An excitation coil 102 and a detection coil 103 are wound around a cylindrical steel workpiece 101, as shown in FIG. 15. AC voltage is applied to the excitation coil 102 from an AC power source 104. This causes an eddy current to be generated in the surface layer of the steel workpiece 101. An alternating current is generated in the detection coil 103 by this eddy current. The voltage of this generated alternating current is measured by a measurement device 105. The strength and carburized depth are determined based on this detected voltage.

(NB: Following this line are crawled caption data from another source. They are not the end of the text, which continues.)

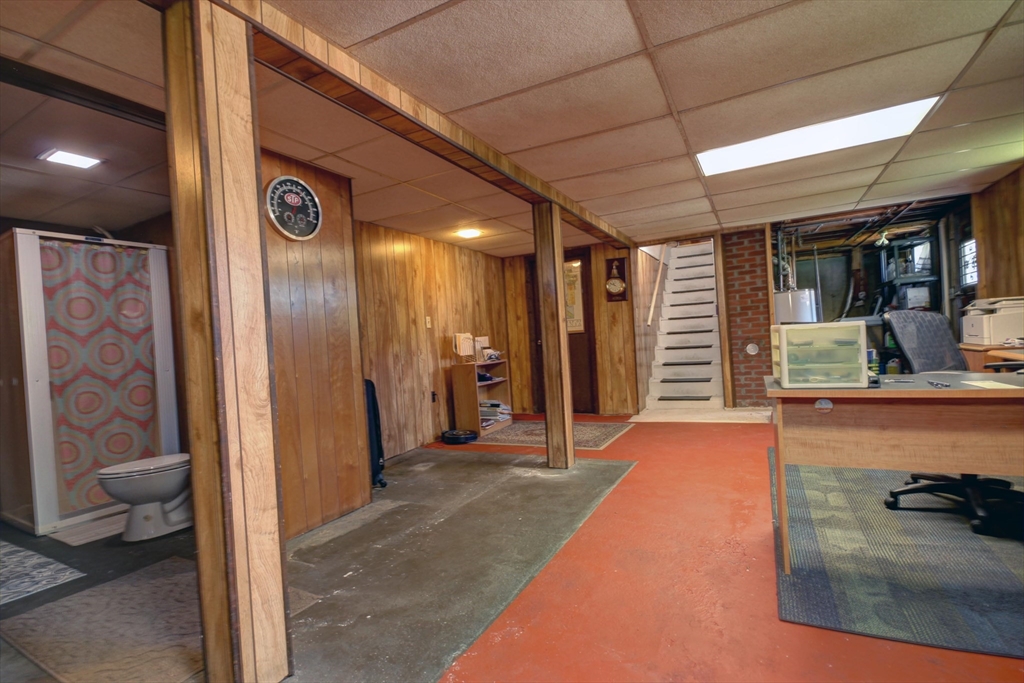 289 Winter Street Brockton, MA 02302 - Photo 21 of 27 a view of a hallway with bathroom and a shower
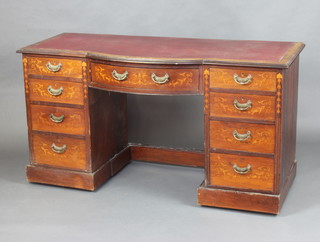 An Edwardian inlaid mahogany bow front dressing table with inset writing surface above 1 long and 8 short drawers with brass swan neck drop handles 81cm h x 148cm w x 61cm d  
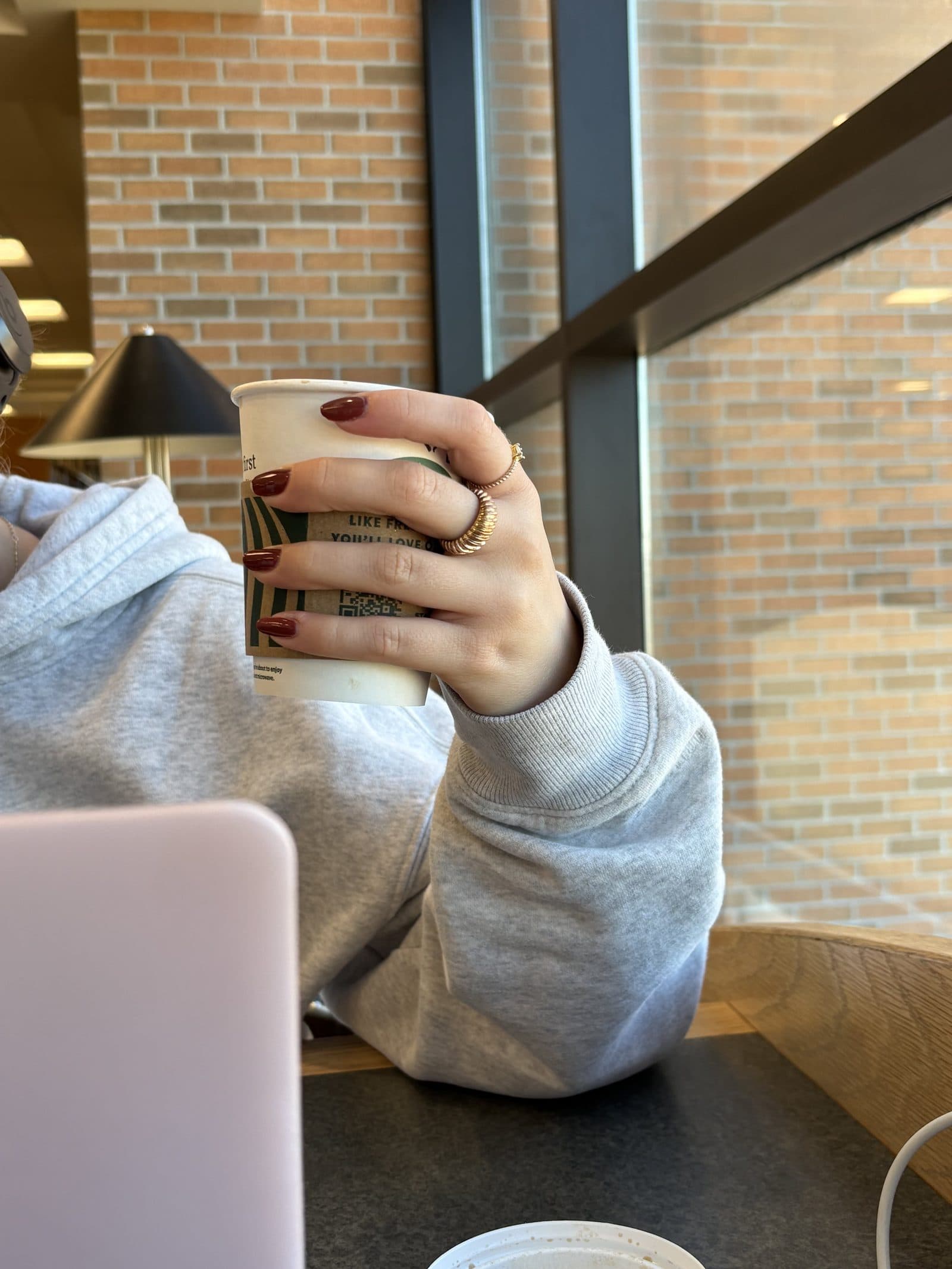 A student with a coffee and laptop at a study spot by the window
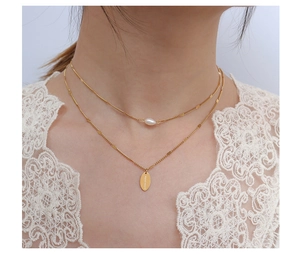 Detalle de collar doble dorado con perla y colgante ovalado 'HAND MADE'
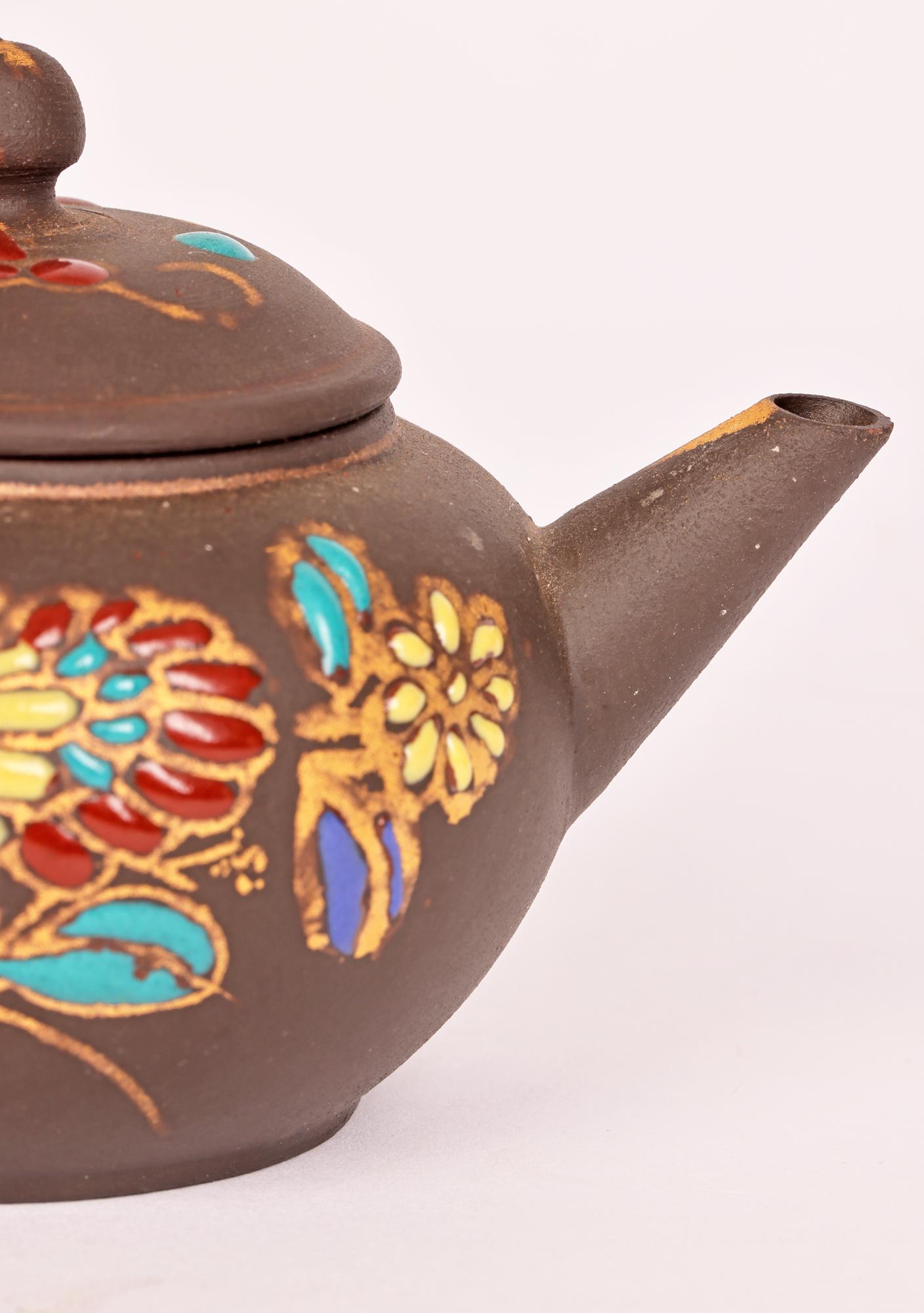 A fine vintage Chinese miniature teapot hand applied with enamel floral designs dating from the mid 20th century. The lightly potted teapot is of squat rounded shape with a loop handle and short pouring spout and with a slightly domed fitted cover.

Voltage is applied to the steel workpiece 101, and since the generated voltage is merely detected based on the eddy current, there is no danger of the steel workpiece 101 being scratched, and the quality can be tested without damaging the workpiece. Therefore, complete testing of the steel workpiece 101 is possible.
Because of the shapes of the excitation coil 102 and detection coil 103, the shape of the steel workpiece 101 is limited to a shaft, a cylinder, or a tube, and application is difficult if the steel workpiece 101 is a flat plate. The application of the eddy-current testing apparatus is thereby limited.
In view of this, there is a need for an eddy-current nondestructive testing apparatus that can be used when the steel workpiece 101 is shaped either as a cylinder or as a flat plate.
The distance L1 from a top land 108L on the left side of a gear 107 to the detection coil 103 should preferably be constant, as shown in FIG. 16. This is because when the distance L1 changes, the detected voltage fluctuates, and measurement precision is reduced. With a manual testing apparatus in which the distance L1 is determined manually, it is difficult to keep the distance L1 constant. With an automatic testing apparatus in which the distance L1 is automatically determined by a robot or the like, the testing apparatus is expensive and large.
In view of this, there is a need for a small and inexpensive nondestructive testing apparatus in which the distance between the tested object and the detection coil can be kept constant.
Furthermore, when the voltage based on the eddy current is detected by a detection coil 103 using the gear 107 as the testing object, the entire external periphery of the gear 107 acts as the testing object for this detected voltage. In other words, information on the top land 111 of the gear 107 and information on the bottom land 112 are combined and harmonized. It is common for defects to readily occur in the bottom land of the gear 107, but when combined information is used, there is a danger that if there are defects in the bottom land 112, these defects will not be detected.
In view of this, there is a need for a nondestructive testing apparatus in which the bottom land 112 alone of the gear 107 can be tested.